README: Resolving phylogenetic relationships of a recently and rapidly evolving lineage from western North America (Mentzelia section Bartonia, Loasaceae)
https://doi.org/10.5061/dryad.sf7m0cghb
Description of the data and file structure
Principle Investigator Contact Information:
Name: John Schenk
Institution: Ohio University
Email: schenk@ohio.edu
Alternate Contact Information:
Name: Paige Fabre
Institution: Ohio University
Email: pf271621@ohio.edu
Funding:
Funding for this research was generously provided to John Schenk by the NSF DEB award #2117446, and to Paige Fabre by the Graduate Student Research Grant from the Ohio University College of Arts and Sciences.
Project Overview:
The goal of our study was to elucidate robust species-level relationships of Mentzelia section Bartonia (Loasaceae; 51 spp.), a recently and rapidly radiating lineage from western North America.

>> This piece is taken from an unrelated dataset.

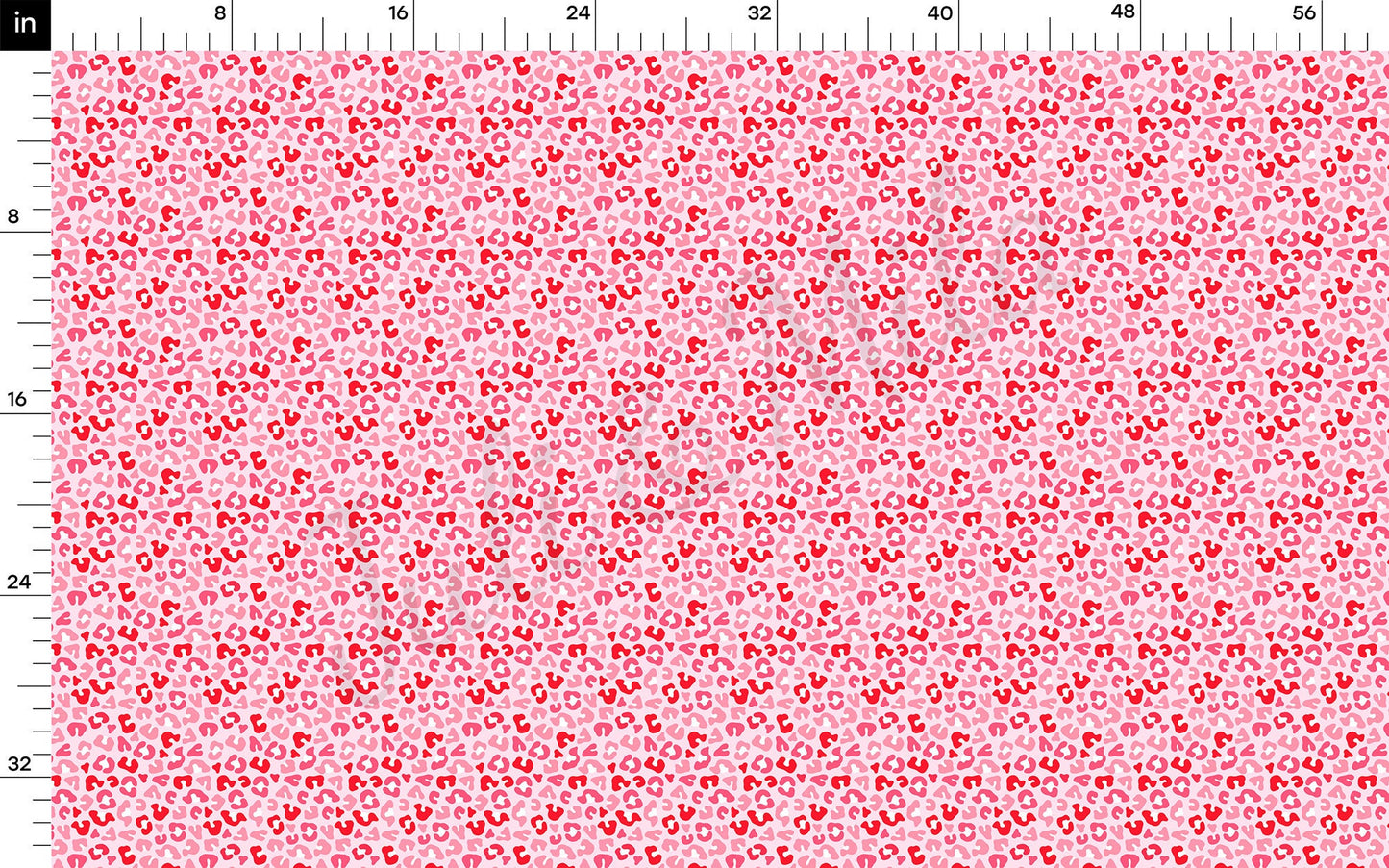 Valentines Day Bullet Textured Fabric AA1188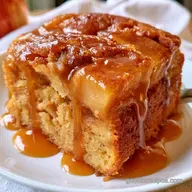 Caramel Apple Cake in 65 Minutes: Golden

To do this, we used targeted sequencing with Angiosperms353 baits, followed by a rigorous bioinformatics pipeline to address the myriad challenges of recent and rapidly radiating lineages, including having a low phylogenetic signal-to-noise ratio, a high chance of ILS, and the potential for hybridization.
Recommended Citation
Fabre, P. P., J. M. Brokaw, L. D. Hufford, M. G. Johnson, and J. J. Schenk. In press. Resolving phylogenetic relationships of a recently and rapidly evolving lineage from western North America (Mentzelia section Bartonia, Loasaceae). Systematic Botany.
Data Generation:
The bioinformatics pipeline used to generate these data is detailed in Fabre et al. (in press). Briefly, we will list the basic steps here.
- Raw, paired-end reads were received from Illumina (raw sequences are available through NCBI)

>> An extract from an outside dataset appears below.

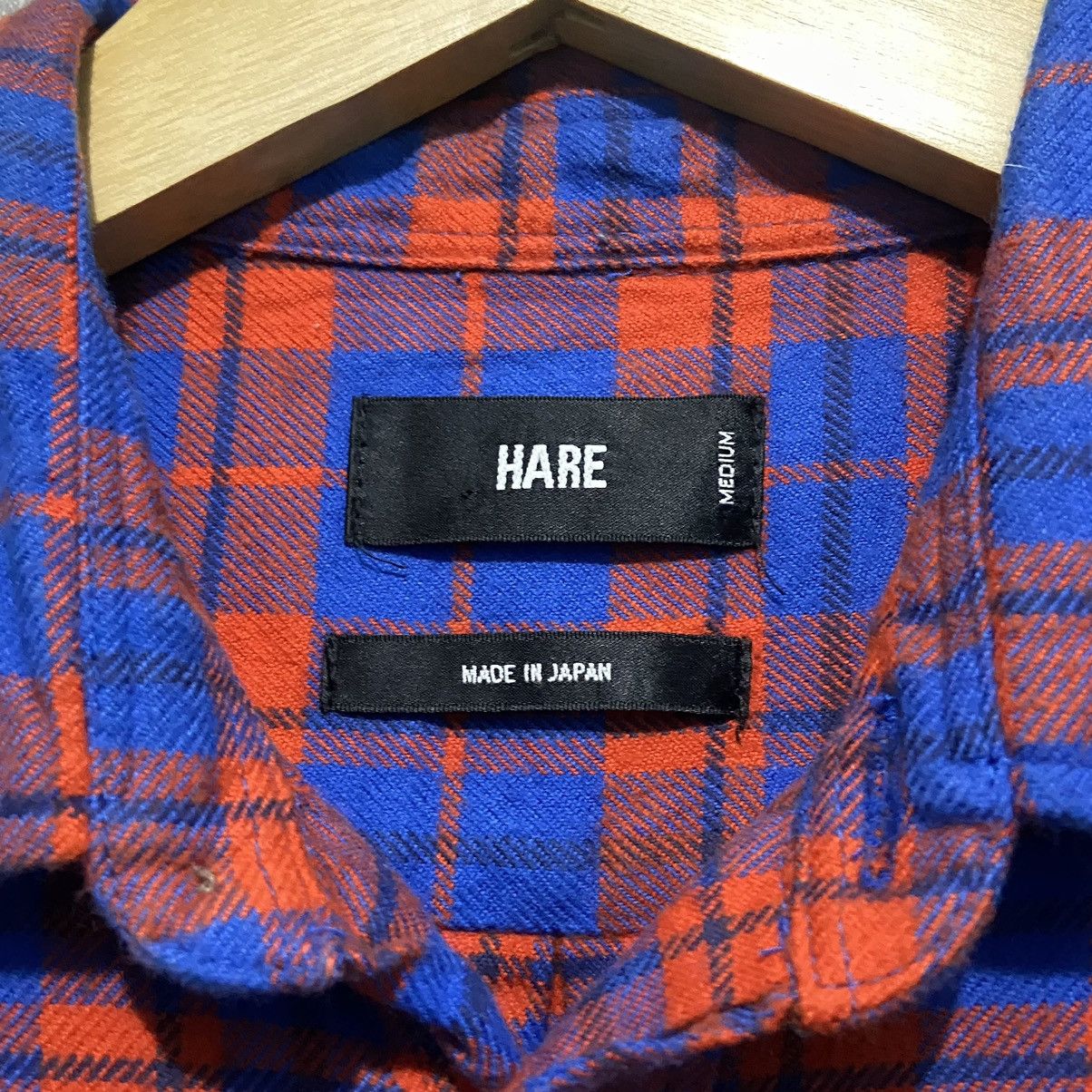 Flannel × HARE × Japanese Brand HARE Checker Flannel Size US M / EU 48-50 / 2 - 4 Thumbnail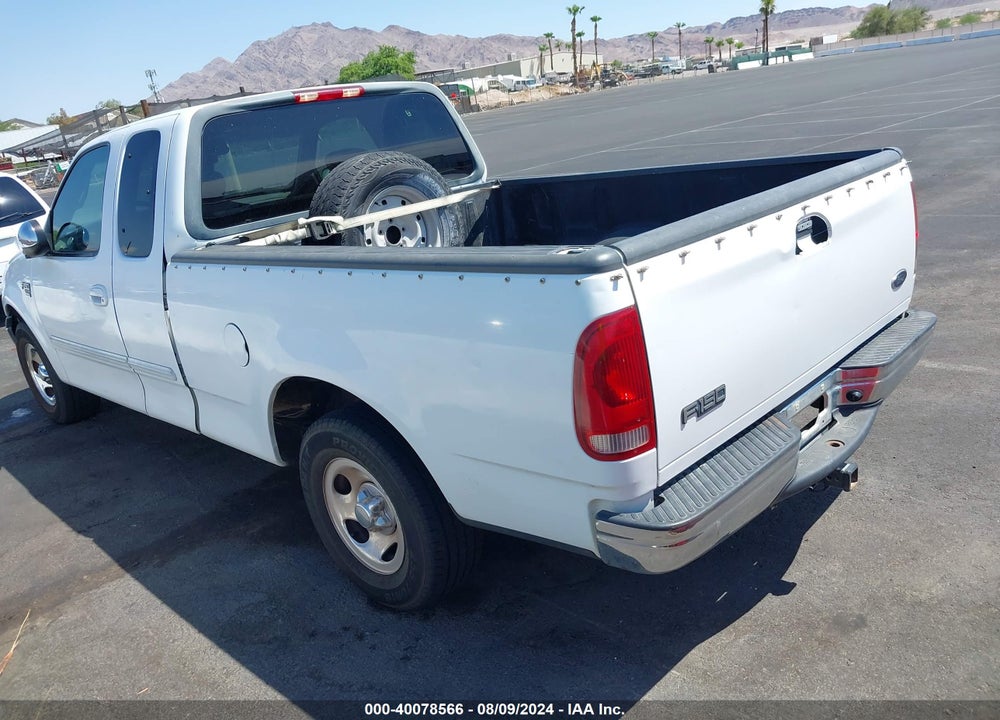 2001 FORD F-150 LARIAT/XL/XLT VIN: 1FTRX17W21NB21524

- Quality control of raw reads was performed with fastp (Chen et al. 2018)
- Angiosperms353 loci (supercontigs [exons with flanking introns]) were assembled with HybPiper (Johnson et al. 2016)
- Supercontigs were evaluated with HybPhaser (Nauheimer et al. 2021); the program removed low-quality samples and loci and generated consensus sequences with ambiguity codes
- Sequences that were < 25% of the mean recovered length were removed with filter_by_length.py (https://github.com/mossmatters/phyloscripts/tree/master/HybPiperUtils)
- Loci were aligned with MAFFT (Katoh and Standley 2013)
- Outliers were removed from concatenated alignment with SpruceUp (Borowiec 2019)
- Gene trees were inferred with IQ-TREE (Nguyen et al. 2015; Minh et al. 2022)
- Long branches were removed with TreeShrink (Mai and Mirarab 2018)
- Gene tree statistics for the 238-locus data set were calculated with SortaDate (Smith et al. 2018)
- Gene trees were then filtered based on the results of step 10. Only loci with > average bipartition support were kept for a "108_locus" data set
- An additional dataset was made based on a different subset of the 238-locus dataset that removed any locus with at least one paralogous sequence flagged by either HybPiper or HybPhaser; this generated the 75-locus dataset.
- All three datasets had species trees inferred with ASTRAL-III (Zhang et al. 2018)
Note on name corrections:
A few vouchers were originally misidentified and, as such, the names are incorrect in the tree and alignment files. These vouchers include:
MENCRO4332 (labeled as M. cronquistii, but corrected to M. lagarosa)
MENSIN786 (M. sinuata, corrected to M. speciosa)
M. hirsutissima2680 (corrected to M. nesiotes)
M.tridentata3626 (corrected to M. tricuspis)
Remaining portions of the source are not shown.